If you have a job and are ignoring Twitter, you may be making a big mistake—one that could hurt you the next time you’re looking for a new position. Consider: Today nearly 50 percent of recruiters use Twitter to find candidates. So build a strong presence on the site now, before you need to make a move. New to the Twitterverse? Check out Twitter’s tutorials at support.twitter.com (click on welcome to twitter). Then, future-proof your career with these steps.
Follow, converse, retweet. Use Twitter’s lack of barriers to get noticed by hiring managers, says Tamera Rousseau-Vesta of the networking-infrastructure company Entera-sys, which recruited for a position exclusively on Twitter. Follow potential employers (wow them with a great bio so they’ll follow you, too). Then, direct message them to ask for an exploratory interview. If you’re job hunting publicly, retweet (meaning repost) a company’s message or hashtag it in a tweet: Type the number sign (#), followed by the company name, with no spaces in between; this categorizes the tweet and gives the company a public shout-out.
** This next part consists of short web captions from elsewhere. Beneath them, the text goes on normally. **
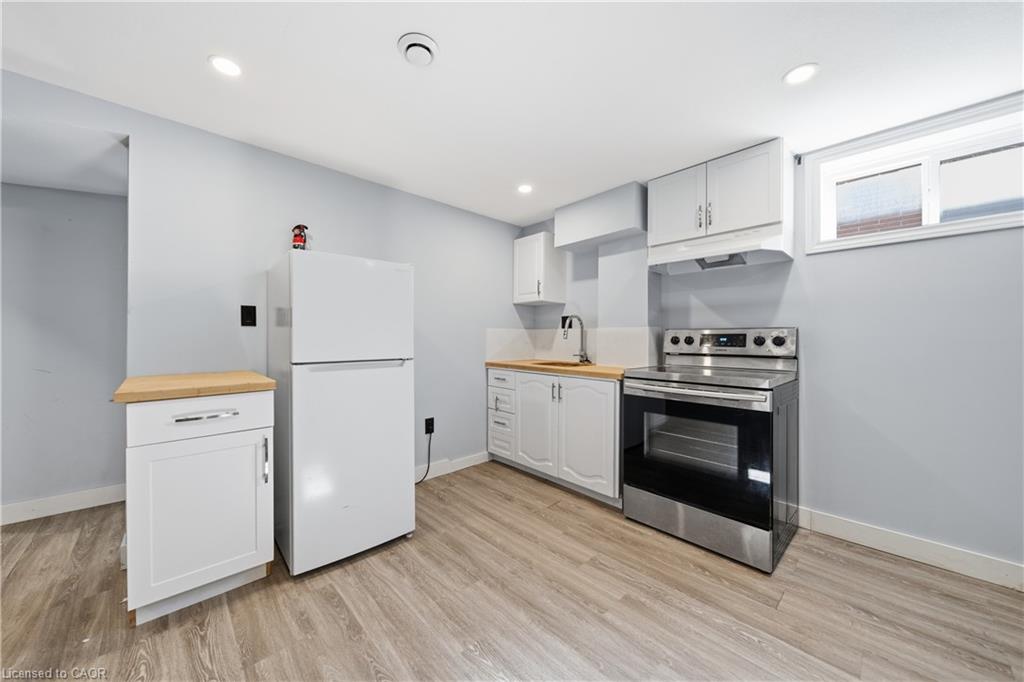 468 Highland Road E Property Photo 21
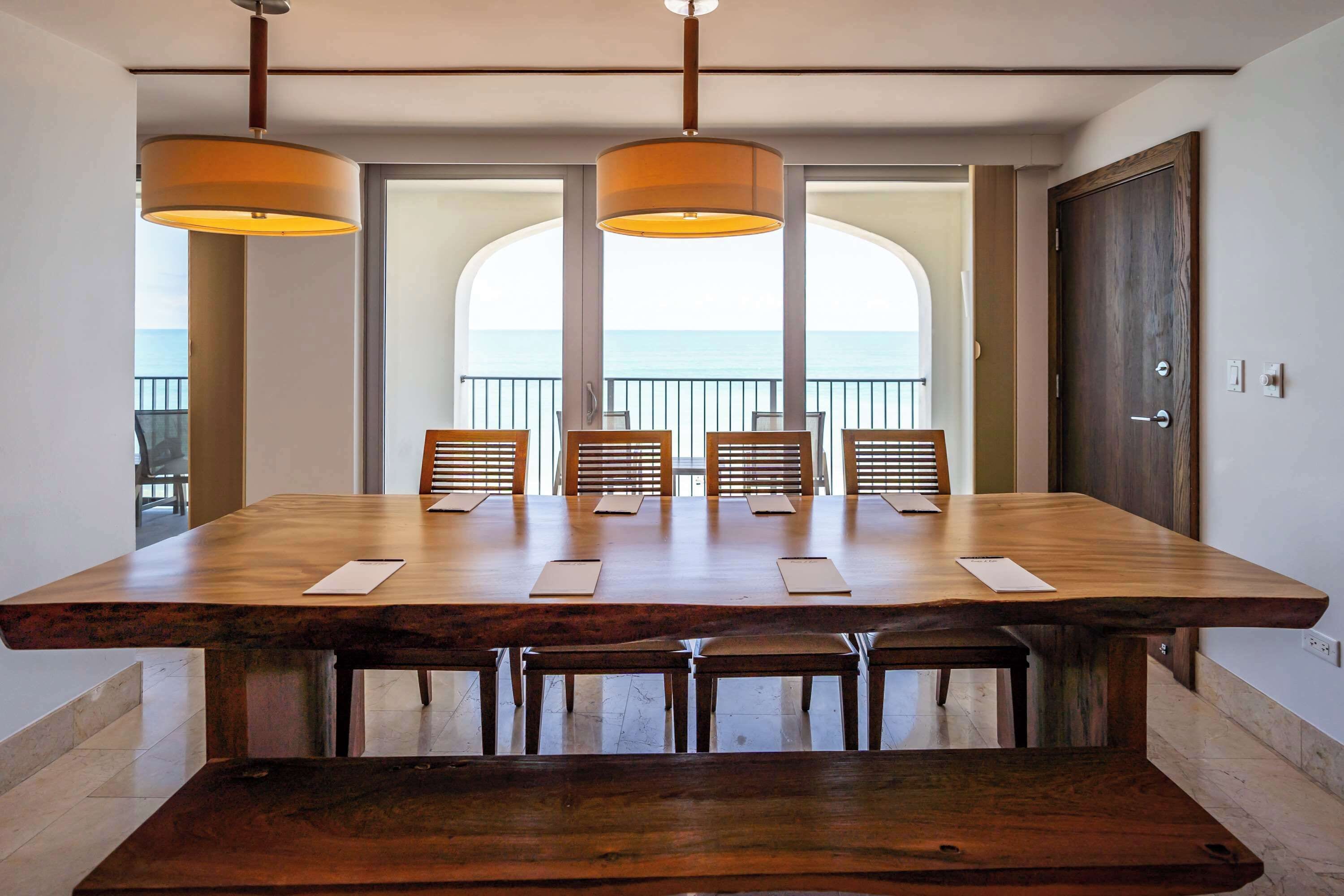 高級寝具、セーフティボックス (室内)、アイロン / アイロン台、ベッドシーツ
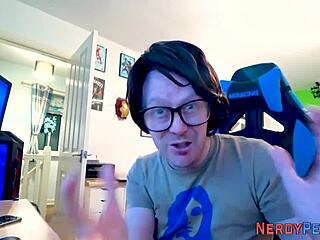 Slutty Amateur Sucks Nerds Dry! What a Wild First Time!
Find a reverse mentor. Millennials have the highest Twitter-use rates of any generation, so don’t be shy about recruiting a twenty-something—via your school alumni organization or a networking site like 85 Broads (85broads.com)—who works in your field to help you find your digital footing. Then you can apply your decades of business expertise to using Twitter effectively, says Christina Vuleta, founder of 40:20 Vision (4020 vision.com), an organization that facilitates mentorship between generations.
Manage first impressions. Your bio is the first thing potential employers will see if they visit your Twitter page to do some reconnaissance. Yours should summarize your skill set and include a professional photo. “Go for three quarters professional and one quarter personal in your bio to give people a three--dimensional view of you as a possible candidate,” says Diane Crompton, chief marketing officer of Iotronics, a company that creates products that help people search for jobs on social media. Hillary Clinton got hers right: “Wife, mom, lawyer, women & kids advocate, FLOAR, FLOTUS, US Senator, SecState, author, dog owner, hair icon, pantsuit aficionado, glass ceiling cracker, TBD...”
When you need a job, create a “twesume.”A résumé in the form of a 140-character tweet, this should contain single-word mentions of your skills and job interests, info on how someone can learn more about you and an assortment of appropriate hashtags, which recruiters can then search to find you. If you’re new to Twitter, your twesume will probably seem like a blur of abbreviations and symbols. Consider signing up for Twesume.com. The site asks you a handful of questions, then generates twesumes with optimal language and hashtags to get you the most traction, according to Klaus Obermeier, CEO of Iotronics and a cofounder of the site (100 twesumes for $30). It will even provide you with a schedule of the best posting times.
Search with hashtags. Keep abreast of job postings and company updates by using the hashtag feature as you would a search engine. Begin by typing the number sign with a corresponding search word—maybe #jobs or #jobsearch. When you do this, you’ll find all other tweets marked with that keyword. Then narrow your search by creating field- and job-specific hashtags (for example, #finance #analyst). Find a directory of popular keywords at hashtags.org.
Film a résumé with Vine, Twitter’s video app. Unemployed journalist Dawn Siff landed a job after creating what may be the world’s first Vine résumé (vine.co/v/b6wx twrwP7P). Her advice: “Be creative, because you only have six seconds to highlight your skills.” She incorporated props and focused on nouns in her nine-word video CV: journalist, strategist, manager, deadline Jedi, idea machine, Dawn Siff.